Farm Bill Defeated in House in a Surprising Vote

Where farm legislation will go after a 195 to 243 loss in the House remains uncertain
Staff Writer

Photo Sasabune Omakase Modified: Flickr/erin/CC 4.0

Yesterday afternoon, the farm bill was voted down in the House of Representatives by a surprisingly large margin of 195 to 234. While the bill was expected to be received unfavorably by the Democrats — who largely oppose the significant cuts the bill makes to nutrition programs like SNAP — 62 Republicans voted against the bill in addition to 172 Democrats. (You can see the individual breakdown here.)

Earlier this week, the Obama administration expressed several concerns with the farm bill, which didn’t bode well for the bill’s future, even if it had passed the House. Still, the bill’s failure in the House comes as a defeat and even an embarrassment for Speaker John Boehner, who last week pledged to vote in its favor.

A farm bill only comes to Congress every five years and now that the legislation has collapsed in the House, the question becomes: What now?
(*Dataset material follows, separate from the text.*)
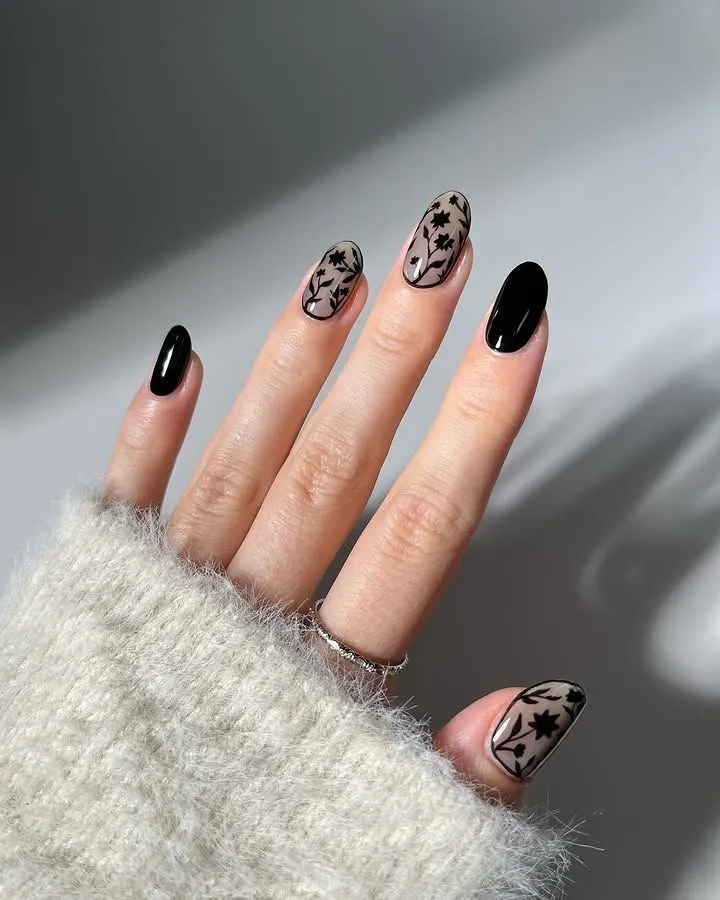 Black And Sheer Nude Visual Idea — Winter Nail Art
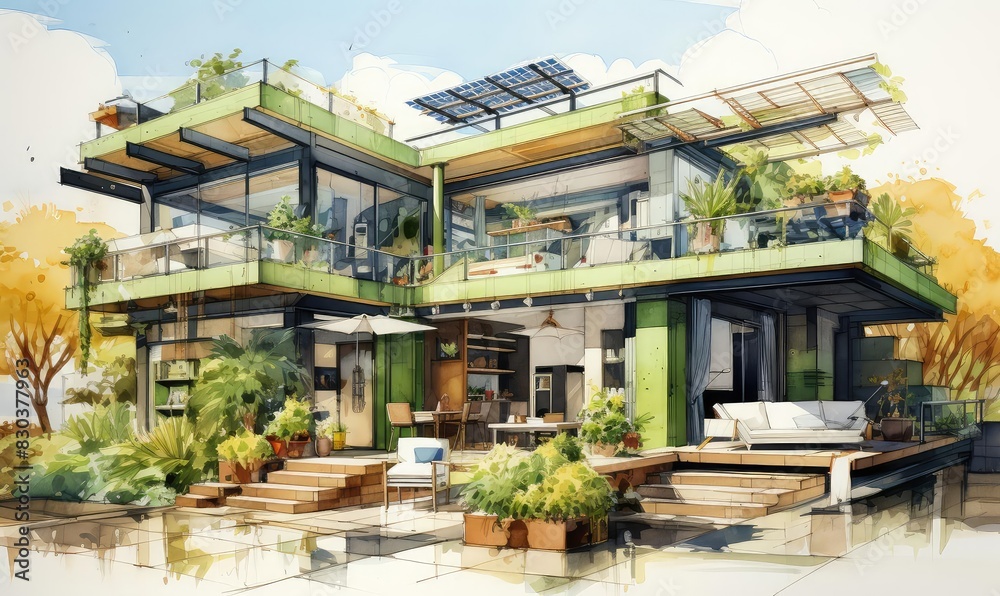 Green building with passive solar design illustration flat design top view sustainable technology theme water color Triadic Color Scheme Green building with passive solar design illustration flat design top view sustainable technology theme water color Triadic Color Scheme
Says Rep. Jeff Fortenberry (R-NE), “We now face an uncertain future for farm policy.”

According to Debbie Stabenow (D-MI), “The House needs to find a way to get a five-year farm bill done.” The Senate version of the farm bill passed on June 10.

The next step, then, remains to be determined. The House Agriculture Committee is “accessing all [its] options.” Until the House makes a final decision — whether that is trying revive another House version or more simply assuming the Senate version — the path for farm legislation is unplowed.